Quelque chose qui semble si simple et amusant, comme sortir avec des amis pour boire un verre, pour la personne souffrant de dépression peut être une pente raide. Pour cette raison, le psychologue doit établir un plan intelligent de récupération des renforçateurs adapté à la personne. L’important est de ne pas continuer à perdre des renforts. Les petites avancées prévalent.
La recherche nous dit que l’activation comportementale devrait être la première intervention de choix. La clé est de briser la boucle dans laquelle le patient dépressif est immergé. En réalisant différentes activités qui peuvent, petit à petit, renforcer et satisfaire.
L’activation comportementale se fait aussi lentement que le patient le souhaite et en a besoin. Nous ne devons pas fixer d’objectifs irréalistes qui ne seront pas atteints. Car ce que nous pouvons obtenir, c’est encore plus de désespoir et d’autocritique. Tout pas en avant sera une grande réussite.
Au fur et à mesure que l’intervention progresse et que la personne se renforce et accepte ses émotions négatives, son humeur augmentera et, par conséquent, sa motivation.

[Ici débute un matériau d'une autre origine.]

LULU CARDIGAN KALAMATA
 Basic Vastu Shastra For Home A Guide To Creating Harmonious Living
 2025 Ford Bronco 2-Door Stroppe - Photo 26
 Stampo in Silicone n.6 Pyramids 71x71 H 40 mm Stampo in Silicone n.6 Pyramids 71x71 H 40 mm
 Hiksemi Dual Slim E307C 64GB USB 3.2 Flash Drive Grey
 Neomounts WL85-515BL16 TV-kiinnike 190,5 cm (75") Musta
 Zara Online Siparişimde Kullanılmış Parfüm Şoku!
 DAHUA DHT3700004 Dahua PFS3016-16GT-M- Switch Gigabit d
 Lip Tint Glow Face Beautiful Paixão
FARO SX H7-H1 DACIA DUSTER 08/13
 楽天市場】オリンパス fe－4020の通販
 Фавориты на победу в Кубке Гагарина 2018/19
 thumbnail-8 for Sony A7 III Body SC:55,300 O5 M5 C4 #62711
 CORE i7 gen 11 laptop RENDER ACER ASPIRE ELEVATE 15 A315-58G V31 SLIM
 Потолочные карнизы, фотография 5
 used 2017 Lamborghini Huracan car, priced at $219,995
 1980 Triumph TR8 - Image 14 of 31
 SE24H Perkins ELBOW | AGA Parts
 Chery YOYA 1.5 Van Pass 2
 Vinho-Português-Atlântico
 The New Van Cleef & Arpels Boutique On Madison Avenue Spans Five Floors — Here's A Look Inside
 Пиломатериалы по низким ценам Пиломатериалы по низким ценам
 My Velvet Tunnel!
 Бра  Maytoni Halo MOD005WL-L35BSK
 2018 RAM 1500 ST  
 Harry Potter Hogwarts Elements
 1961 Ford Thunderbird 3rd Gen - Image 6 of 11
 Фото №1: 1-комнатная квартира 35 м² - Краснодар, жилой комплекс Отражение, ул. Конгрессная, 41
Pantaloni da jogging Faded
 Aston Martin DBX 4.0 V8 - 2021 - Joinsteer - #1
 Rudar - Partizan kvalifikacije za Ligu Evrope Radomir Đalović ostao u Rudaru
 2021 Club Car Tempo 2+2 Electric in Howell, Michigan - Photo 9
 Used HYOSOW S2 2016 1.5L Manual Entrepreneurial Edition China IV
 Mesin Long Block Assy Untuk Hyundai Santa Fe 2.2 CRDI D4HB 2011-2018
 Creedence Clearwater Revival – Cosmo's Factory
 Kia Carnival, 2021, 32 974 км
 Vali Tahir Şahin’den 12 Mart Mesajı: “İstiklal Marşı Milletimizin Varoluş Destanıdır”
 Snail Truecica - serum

L’anhédonie et l’apathie disparaîtront et le patient commencera à se sentir mieux. Cette activation affecte également les niveaux cognitifs et sociaux. Ses anticipations pessimistes changent pour des attentes plus réalistes. Et, à son tour, son environnement, qui perçoit le changement, sera également plus prédisposé à être inclusif. Et à accompagner une énergie positive.